Michael Burry: Investment and strategy performance in 2023

Michael Burry 2


IMPORTANT POINTS:

  • Michael Burry, renowned for predicting the 2008 housing crisis, remains a prominent figure in the financial world.
  • In 2023, its portfolio included winners such as Hudson Pacific Properties, The RealReal and Stellantis.
  • The worst performances came from his bearish bet on ETFs and stocks like JD.com and Alibaba.

Few figures in the investment space have captured the attention like Michael Burry.

Recognized worldwide for his accurate prediction of the 2008 housing crisis, Burry’s stature in the financial world remains unmatched. Every move he makes attracts a global audience, and his recent turnaround has caused a stir: a substantially bearish stance on the U.S. semiconductor sector, after closing his bet against the broader market.

Against this backdrop, on December 25, Finbold delves into the performance of Burry’s extensive stock portfolio, revealing the most successful and underperforming entities in his latest investment saga.

Burry winners in 2023

It’s no secret that since his market crash prediction 15 years ago, many of Burry’s subsequent forecasts have failed to materialize or, in some cases, gotten worse. However, at the same time, his ability to identify winners and make timely trades is still very much present.

When looking at its movements in 2023 and the performance of specific stocks, one of the names that stands out is Hudson Pacific Properties (HPP), a real estate investment trust with a market capital of more than $1.2 billion.
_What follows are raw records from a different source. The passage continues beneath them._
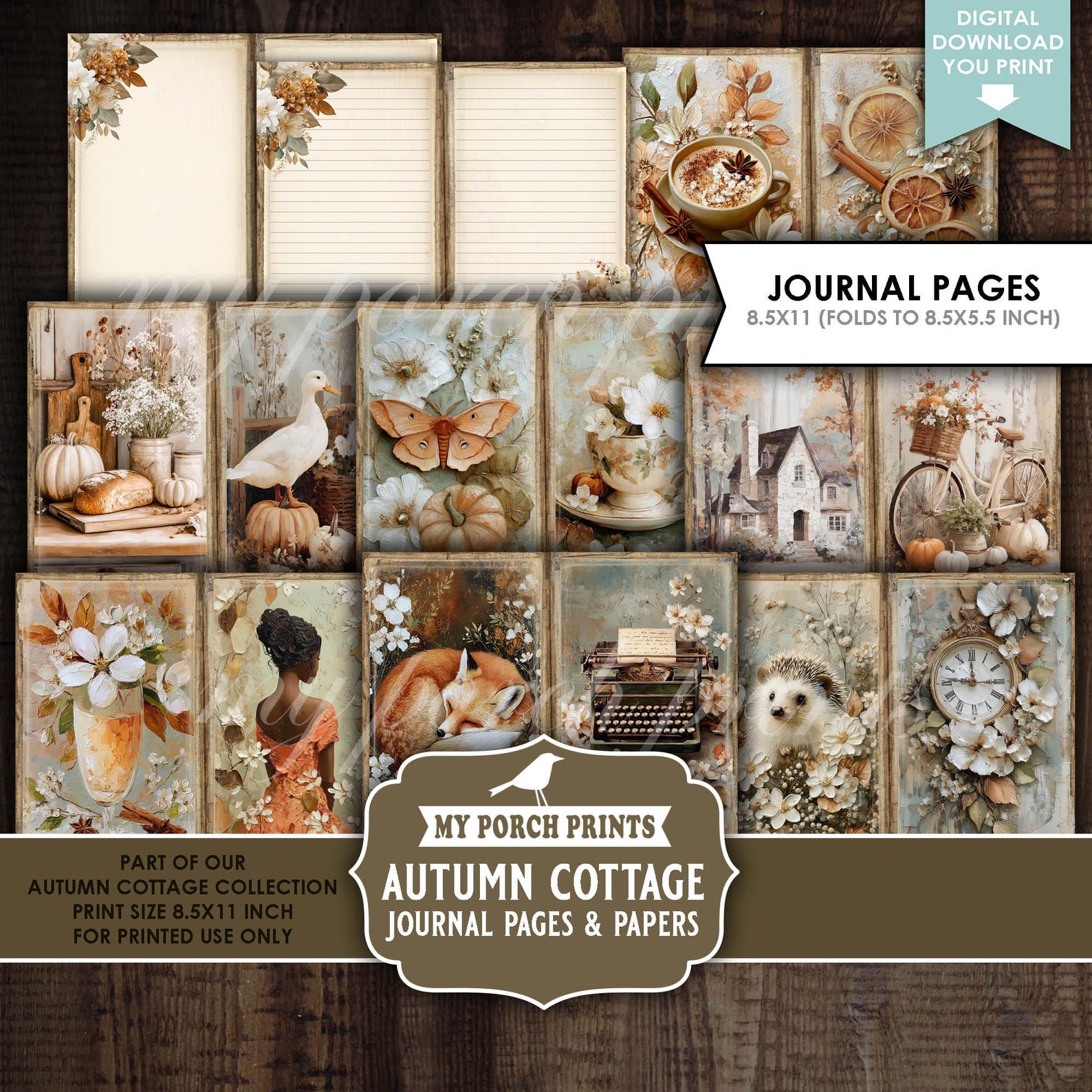 Autumn Cottage Junk Journal PAGES & PAPERS, Vintage, Orange, Ivory ...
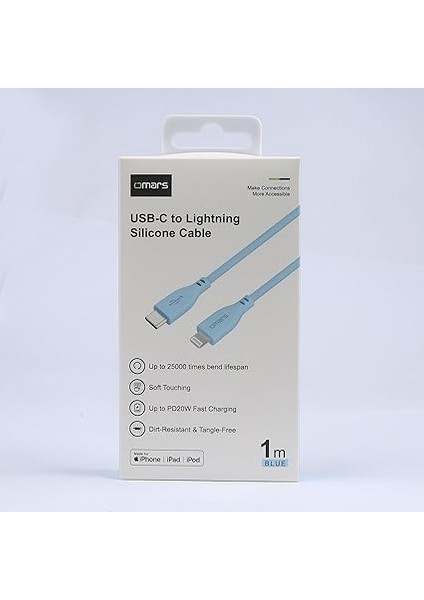 Usb-C To Mfı Lightning iPhone Silikon Pd Hızlı Şarj Kablosu Mavi modelleri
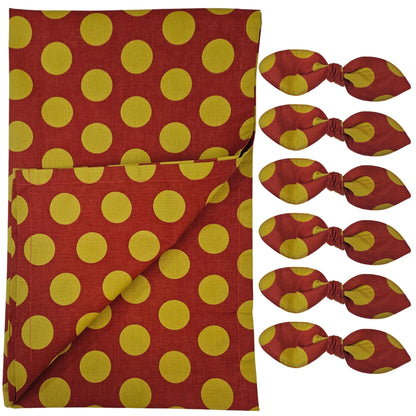 Maison Charlo | Table Runner & Ties Napkin Rings Kits Red & Gold Dot Polka for Christmas, Easter, Valentine's, Mother's Day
Burry’s Scion Asset Management first invested in HPP in the second quarter of 2023, purchasing 250,000 shares. A few months later, third-quarter securities filings revealed that the legendary investor increased this position by an additional 60%.

According to HedgeFollow, the value of this investment skyrocketed more than 61% from the average purchase price, making HPP one of Burry’s best-performing stocks this year.

Other stocks showing strong performance in 2023 include luxury goods marketplace The RealReal (REAL), diamond jewelry retailer Signet Jewelers Limited (SIG), and electric vehicle (EV) maker Stellantis (STLA), among others .
STLA, the largest single holding of Scion stock (17.4% of the firm’s portfolio), rose about 30% from the median purchase price, while REAL and SIG gained more than 44% and 42%, respectively. .

Worst performances

Without a doubt, one of the worst stock market moves Burry and Scion made in 2023 is their bearish bet against the SPY and QQQ exchange-traded funds (ETFs) revealed in the second quarter. According to analyst calculations, the investment giant closed its position against these funds with an approximate loss of 40%.

Shortly after exiting this bet, Burry redirected his bearish sentiment toward a specific sector: semiconductors . Notably, Scion bought put options tied to the iShares PHLX Semiconductor ETF (SOXX), one of the largest semiconductor ETFs.

The average purchase price of these options was $490.46, according to HedgeFollow. Compared to that price, SOXX’s value increased by more than 16% . However, this development is not favorable for Burry and Scion, since purchasing puts involves betting on the potential profitability of a decrease in the price of the underlying asset.

As for individual holdings, the worst-performing stocks bought and held by Scion include Chinese internet giants JD.com (JD) and Alibaba (BABA). According to the latest data obtained, the value of these investments fell 12.8% and 11.5% from Scion’s average purchase prices.

Nexstar Media Group (NXST) also had a negative performance, although it was only down 1.6% from the average purchase price.